Romney supporters say Republicans who grumble about his inability to lock down the nomination early on have misplaced their frustration.

“The reason the race is dragging on has nothing to do with who’s running for president, it has to do with the fact the [Republican] party changed the rules,” said Charlie Black, a GOP strategist who is informally advising the Romney campaign.

And Rep. Buck McKeon (R-Calif.), a Romney backer, said it was time for Romney’s rivals to bow out, just as Romney stepped aside for Sen. John McCain (R-Ariz.) in 2008 for the good of the party.

Romney won six of 10 states on Tuesday, including the pivotal contest in Ohio.
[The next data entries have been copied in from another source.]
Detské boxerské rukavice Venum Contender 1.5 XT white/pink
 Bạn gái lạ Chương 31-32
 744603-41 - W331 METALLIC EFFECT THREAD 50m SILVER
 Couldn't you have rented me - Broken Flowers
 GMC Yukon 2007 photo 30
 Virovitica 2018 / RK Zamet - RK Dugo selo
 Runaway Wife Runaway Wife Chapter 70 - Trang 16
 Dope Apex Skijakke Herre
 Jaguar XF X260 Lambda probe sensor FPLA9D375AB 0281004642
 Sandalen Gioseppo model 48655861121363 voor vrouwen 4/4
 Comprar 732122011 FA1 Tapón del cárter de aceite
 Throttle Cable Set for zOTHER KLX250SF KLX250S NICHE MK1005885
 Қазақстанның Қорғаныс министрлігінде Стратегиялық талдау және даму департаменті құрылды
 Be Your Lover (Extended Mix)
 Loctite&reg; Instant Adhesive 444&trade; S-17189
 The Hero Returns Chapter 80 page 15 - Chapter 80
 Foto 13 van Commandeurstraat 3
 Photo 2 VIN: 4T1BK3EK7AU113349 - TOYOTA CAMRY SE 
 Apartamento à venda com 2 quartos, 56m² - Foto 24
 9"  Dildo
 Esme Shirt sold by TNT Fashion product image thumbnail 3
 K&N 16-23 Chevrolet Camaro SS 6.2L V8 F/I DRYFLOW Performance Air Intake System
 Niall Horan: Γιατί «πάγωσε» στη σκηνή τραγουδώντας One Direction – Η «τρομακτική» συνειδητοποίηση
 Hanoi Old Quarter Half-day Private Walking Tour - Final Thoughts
He also expanded his lead in the delegate race, where most counts show him more than doubling his nearest rival, Santorum.

Romney’s campaign used those results to argue his lead has become insurmountable, weaving in the not-so-subtle theme that for the good of the GOP, his opponents should consider making their exit.

“Super Tuesday dramatically reduced the likelihood that any of Gov. Romney’s opponents can obtain the Republican nomination,” Romney’s political director, Rich Beeson, wrote Wednesday in a memo. “As Gov. Romney’s opponents attempt to ignore the basic principles of math, the only person’s odds of winning they are increasing are President Obama’s.”

But in Ohio, Romney barely edged out Santorum in a race that wasn’t called until after midnight, highlighting the real uncertainty that persists among the GOP electorate about whether to coalesce behind Romney. Exit polls showed he continued to struggle among blue-collar voters, Tea Party supporters and those who self-identify as evangelical or “very conservative.”

Most troubling for Romney and his team is that they’ve been in this position before. Romney won a crucial contest in Florida and another soon after in Nevada, but his air of inevitability was deflated days later when Santorum beat him in three other states. Later in February, Romney edged out the former Pennsylvania senator in Michigan, but by a margin so small that it robbed him of the ability to declare a total victory.

Buoyed by tight races that have suggested that victory is within reach, Romney’s opponents have had little incentive to drop out. As long as both Santorum and Gingrich stay in, they divide the anti-Romney vote and help his prospects. 

But they also play directly into the Democratic playbook.

“In every primary, we’ve seen just how disappointed Republicans are in their candidates,” Obama campaign manager Jim Messina told reporters on Wednesday. “The longer the Republican primary goes, the longer we have to continue to build.”